Task prompt
Find the line containing "Мотоцикл Классік Bajaj" in the entries below. Restate it and each line after it, word for word, up to and including the line containing "2015 Opel Vivaro - мініатюра 18".

(Provided data begins)

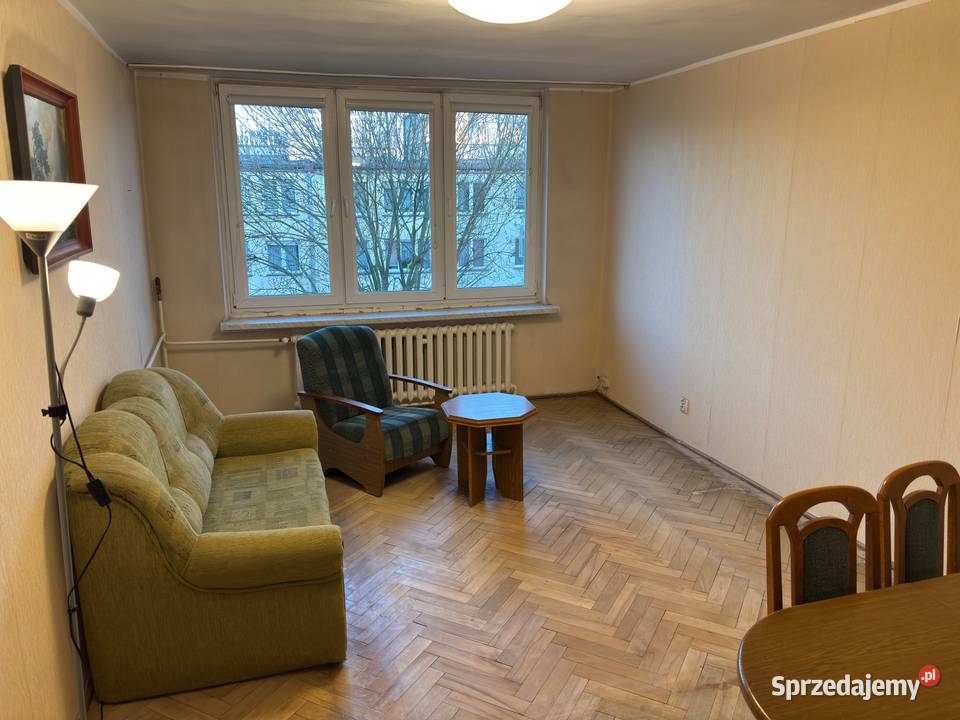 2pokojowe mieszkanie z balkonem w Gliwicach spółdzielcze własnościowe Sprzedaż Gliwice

(Provided data ends)
(Provided data begins)

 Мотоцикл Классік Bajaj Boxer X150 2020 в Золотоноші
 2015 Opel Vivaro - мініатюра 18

(Provided data ends)
(Provided data begins)

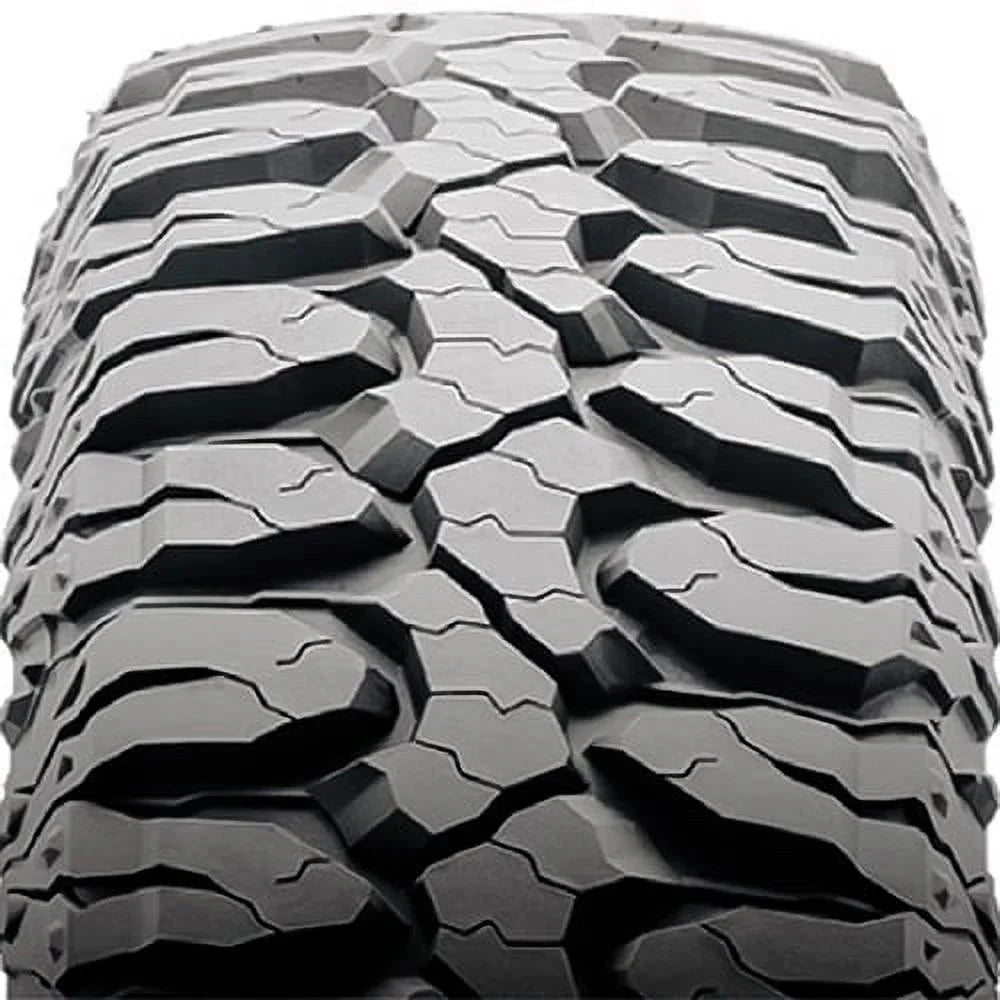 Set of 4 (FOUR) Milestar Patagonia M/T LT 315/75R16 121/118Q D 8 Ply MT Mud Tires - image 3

(Provided data ends)

Completed task
 Мотоцикл Классік Bajaj Boxer X150 2020 в Золотоноші
 2015 Opel Vivaro - мініатюра 18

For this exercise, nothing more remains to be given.